Uses for multivariate analysis include
- Design for capability (also known as capability-based design)
- Inverse design, where any variable can be treated as an independent variable
- Analysis of Alternatives (AoA), the selection of concepts to fulfill a customer need
- Analysis of concepts with respect to changing scenarios
- Identification of critical design drivers and correlations across hierarchical levels.
Multivariate analysis can be complicated by the desire to include physics-based analysis to calculate the effects of variables for a hierarchical “system-of-systems.” Often, studies that wish to use multivariate analysis are stalled by the dimensionality of the problem. These concerns are often eased through the use of surrogate models, highly accurate approximations of the physics-based code. Since surrogate models take the form of an equation, they can be evaluated very quickly. This becomes an enabler for large-scale MVA studies: while a Monte Carlo simulation across the design space is difficult with physics-based codes, it becomes trivial when evaluating surrogate models, which often take the form of response surface equations.

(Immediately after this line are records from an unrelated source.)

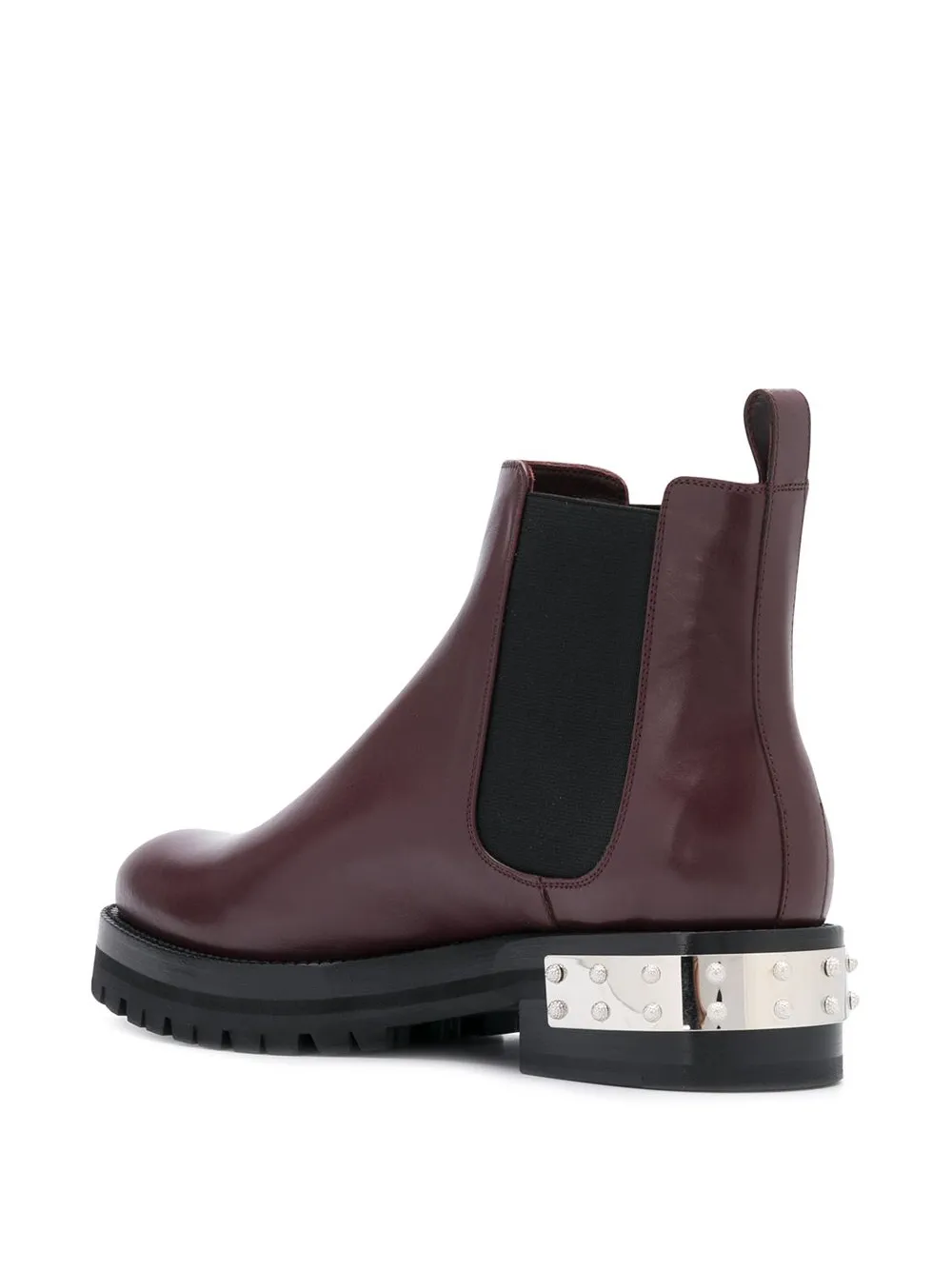Alexander McQueen studded logo plaque Chelsea boots Red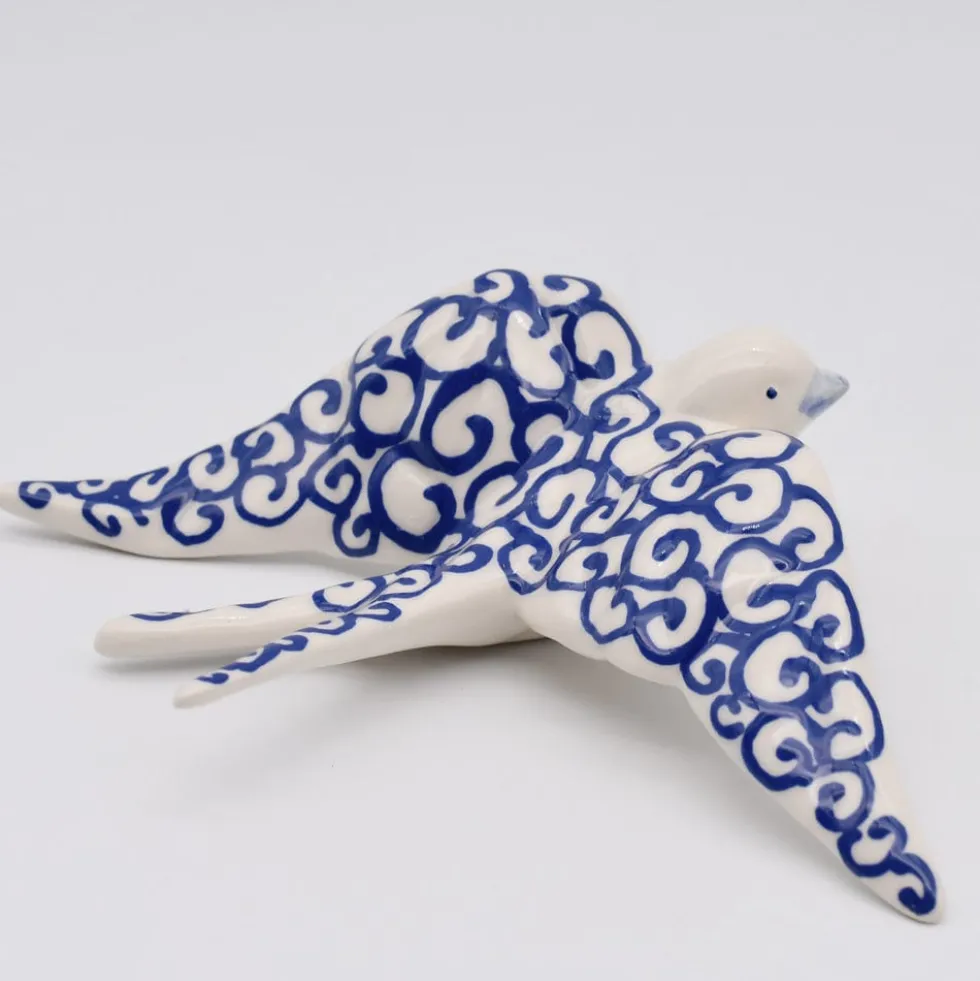 Hirondelle en céramique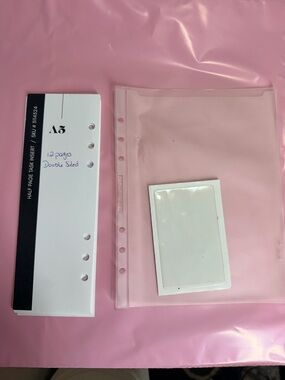 Cloth & Paper A5 Half Page Task - Adhesive card holder - Divider Pocket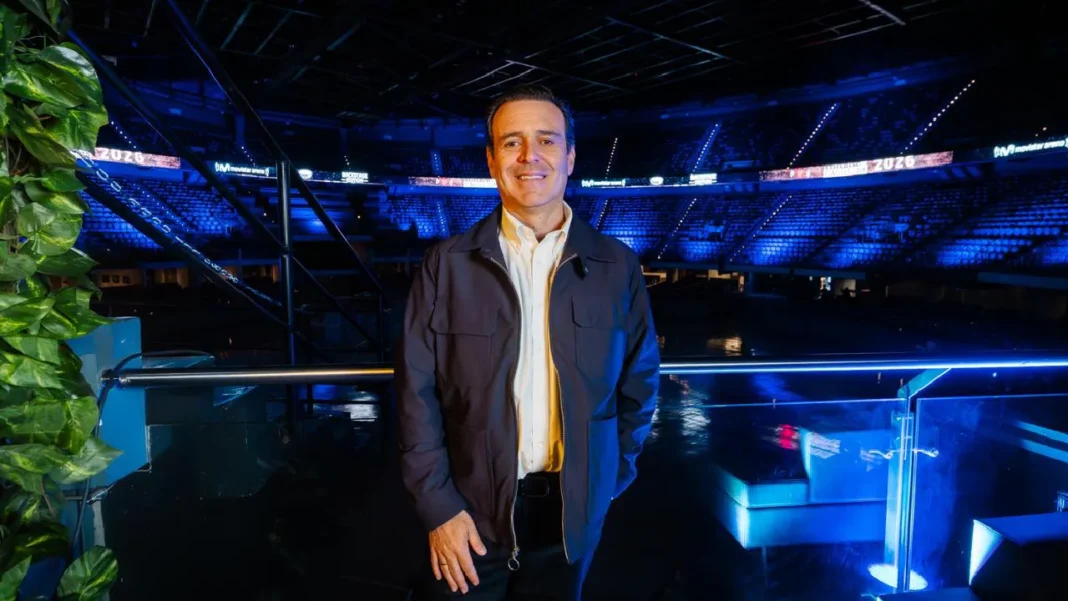 Entrevista | Luis G. Quintero revela planes y cartelera del Movistar Arena 2026, también habla de sostenibilidad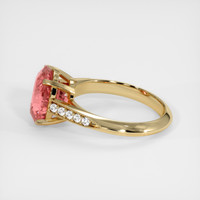 4.50 Ct. Padparadscha Sapphire Ring, 14K Yellow Gold 4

Multivariate Data Analysis refers to any statistical technique used to analyze data that arises from more than one variable. This essentially models reality where each situation, product, or decision involves more than a single variable. The information age has resulted in masses of data in every field. Despite the quantum of data available, the ability to obtain a clear picture of what is going on and make intelligent decisions is a challenge. When available information is stored in database tables containing rows and columns, Multivariate Analysis can be used to process the information in a meaningful fashion.
Multivariate analysis consists of a collection of methods that can be used when several measurements are made on each individual or object in one or more samples. We will refer to the measurements as variables and to the individuals or objects as units (research units, sampling units, or experimental units) or observations. In practice, multivariate data sets are common, although they are not always analyzed as such. But the exclusive use of univariate procedures with such data is no longer excusable, given the availability of multivariate techniques and inexpensive computing power to carry them out.

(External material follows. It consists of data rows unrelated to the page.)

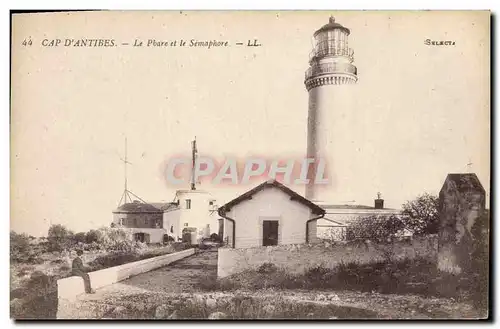 Ansichtskarte AK Cap d&#39Antibes Le Phare et le Semaphore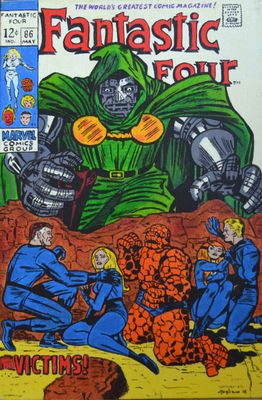 Dipinto "The Fantastic Four n.86"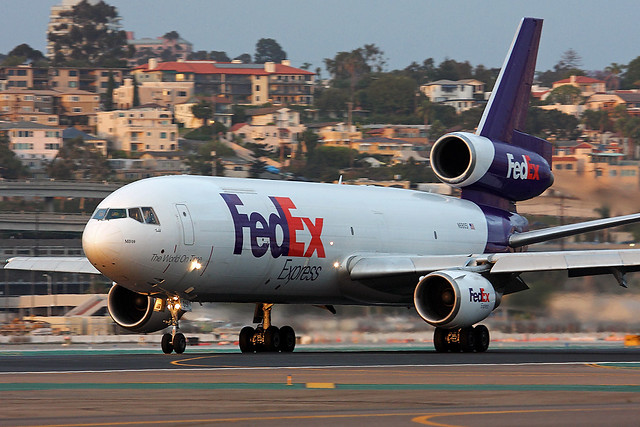 FedEx Express - Boeing MD-10-10F (N68051) - SAN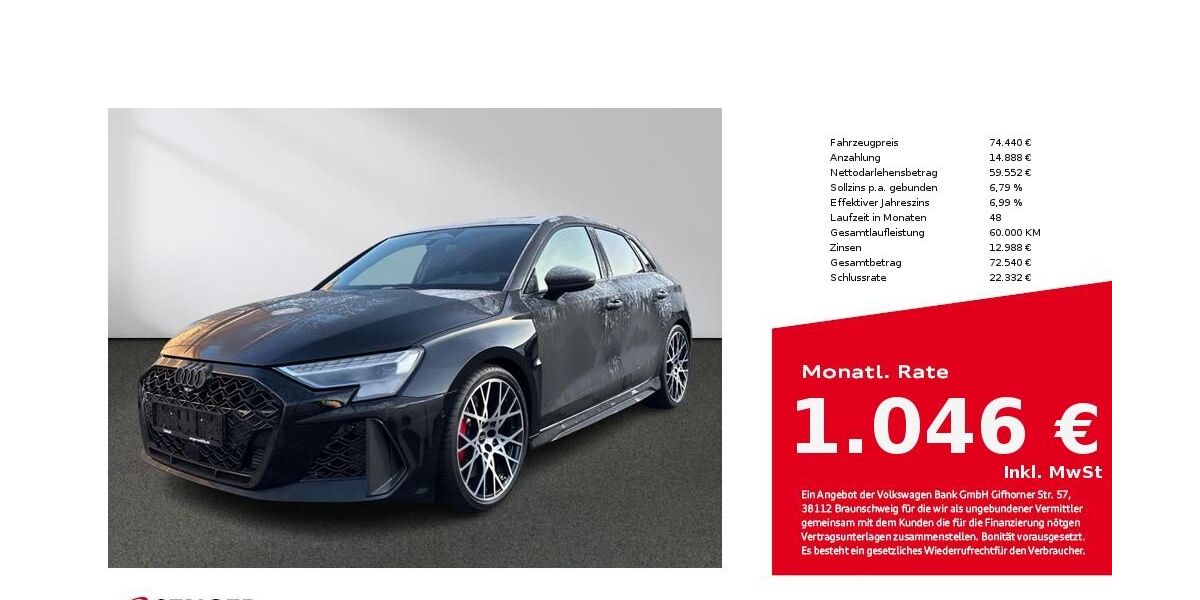 Audi RS3 5.000 km 74.440 &euro; Rheine 48429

Ordinarily the variables are measured simultaneously on each sampling unit. Typically, these variables are correlated. If this were not so, there would be little use for many of the techniques of multivariate analysis. We need to untangle the overlapping information provided by correlated variables and peer beneath the surface to see the underlying structure. Thus the goal of many multivariate approaches is simplification. We seek to express what is going on in terms of a reduced set of dimensions. Such multivariate techniques are exploratory; they essentially generate hypotheses rather than test them.

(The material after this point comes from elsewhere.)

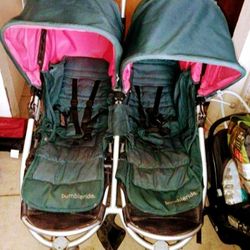 Girls Double Stroller 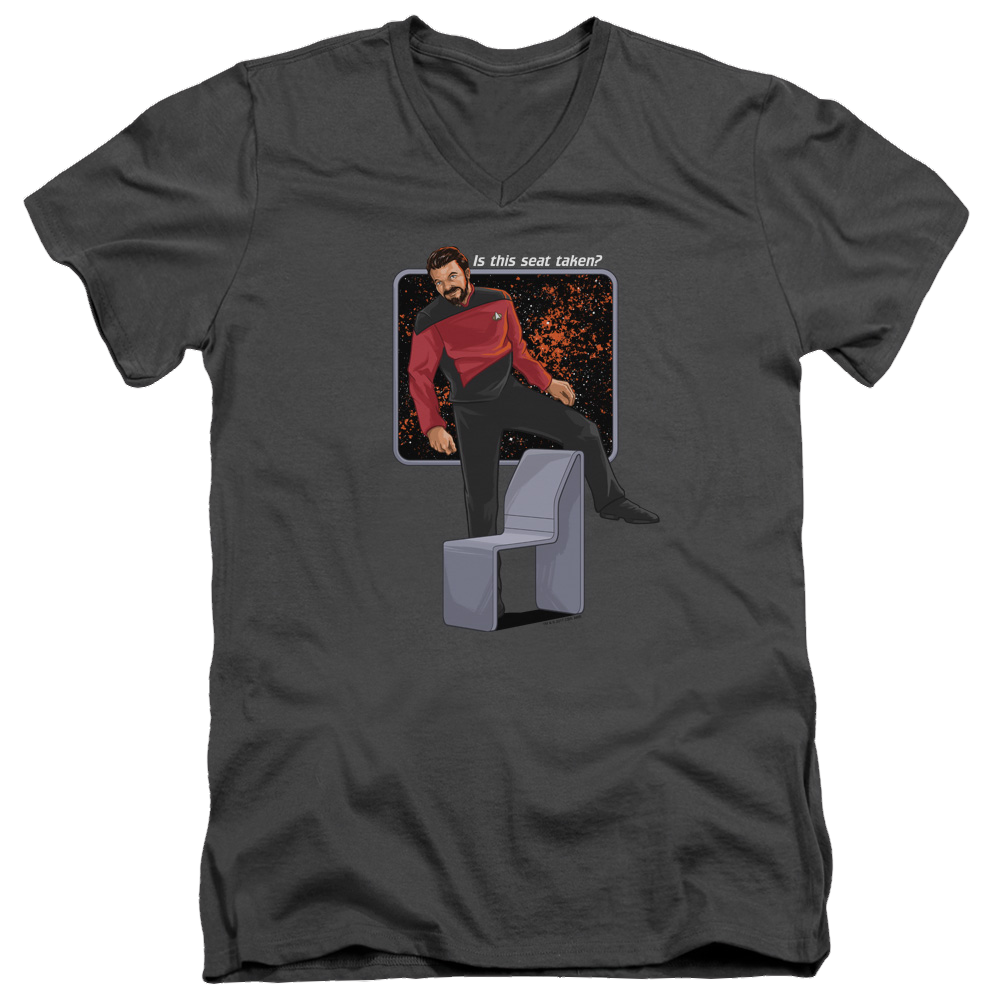 Star Trek Is This Seat Taken Men's V-Neck T-Shirt Men's V-Neck T-Shirt Star Trek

On the other hand, if our goal is a formal hypothesis test, we need a technique that will allow several variables to be tested and still preserve the significance level.
MVA Tools
In order to understand multivariate analysis, it is important to understand some of the terminology. A variate is a weighted combination of variables. The purpose of the analysis is to find the best combination of weights. Non-metric data refers to data that are either qualitative or categorical in nature. Metric data refers to data that are quantitative, and interval or ratio in nature.
Data Quality
Before launching into an analysis technique, it is important to have a clear understanding of the form and quality of the data. The form of the data refers to whether the data are nonmetric or metric. The quality of the data refers to how normally distributed the data are. The first few techniques discussed are sensitive to the linearity, normality, and equal variance assumptions of the data. Examinations of distribution, skewness, and kurtosis are helpful in examining distribution. Also, it is important to understand the magnitude of missing values in observations and to determine whether to ignore them or impute values to the missing observations. Another data quality measure is outliers, and it is important to determine whether the outliers should be removed. If they are kept, they may cause a distortion to the data; if they are eliminated, they may help with the assumptions of normality. The key is to attempt to understand what the outliers represent.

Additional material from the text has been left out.